Damn. All I do at this point is, post-shower, splash cold water on my face, apply shaving cream via brush, shave, re-lather, shave, rinse. The result is pretty solid and I only apply some moisturizer if my skin is feeling particularly dry that day. I'm not sure going through all the hassle would give me a drastically better result at this point. A little cologne on my body but nothing ostentatious.

I'm a major proponent of the only person being able to smell me is my girlfriend when she's close. Otherwise I feel too much like a 13 year old boy or some of the Indian guys I used to hang out with in college who you could, quite literally, smell from across the building. I once was able to find a friend I was looking for by going to his door and then following the smell, and I don't have a remarkable strong nose.


----------



## LFF

Quote: 





dougoftheabaci said:


> Damn. All I do at this point is, post-shower, splash cold water on my face, apply shaving cream via brush, shave, re-lather, shave, rinse. The result is pretty solid and I only apply some moisturizer if my skin is feeling particularly dry that day. I'm not sure going through all the hassle would give me a drastically better result at this point. A little cologne on my body but nothing ostentatious.
> 
> I'm a major proponent of the only person being able to smell me is my girlfriend when she's close. Otherwise I feel too much like a 13 year old boy or some of the Indian guys I used to hang out with in college who you could, quite literally, smell from across the building.
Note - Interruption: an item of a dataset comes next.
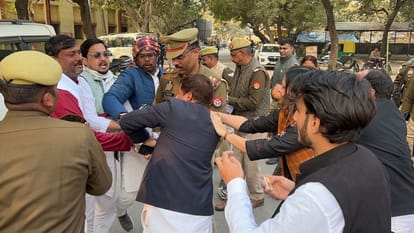 अमित शाह का पुतला जला रहे कांग्रेसजनों से पुलिस की नोकझोंक।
I once was able to find a friend I was looking for by going to his door and then following the smell, and I don't have a remarkable strong nose.


 

 I'm also a major proponent of "The only person able to smell me is the girl next to (or on) me." I hate it when you can smell people from 20 feet away...or even 5 feet away.
   
  The entire routine I posted helps me achieve a BBS shave with no irritation, weepers or major problems. I have sensitive skin. If you can get away with that...more power to you.
  .


----------



## DougofTheAbaci

lff said:


> I'm also a major proponent of "The only person able to smell me is the girl next to (or on) me." I hate it when you can smell people from 20 feet away...or even 5 feet away.
> 
> The entire routine I posted helps me achieve a BBS shave with no irritation, weepers or major problems. I have sensitive skin. If you can get away with that...more power to you.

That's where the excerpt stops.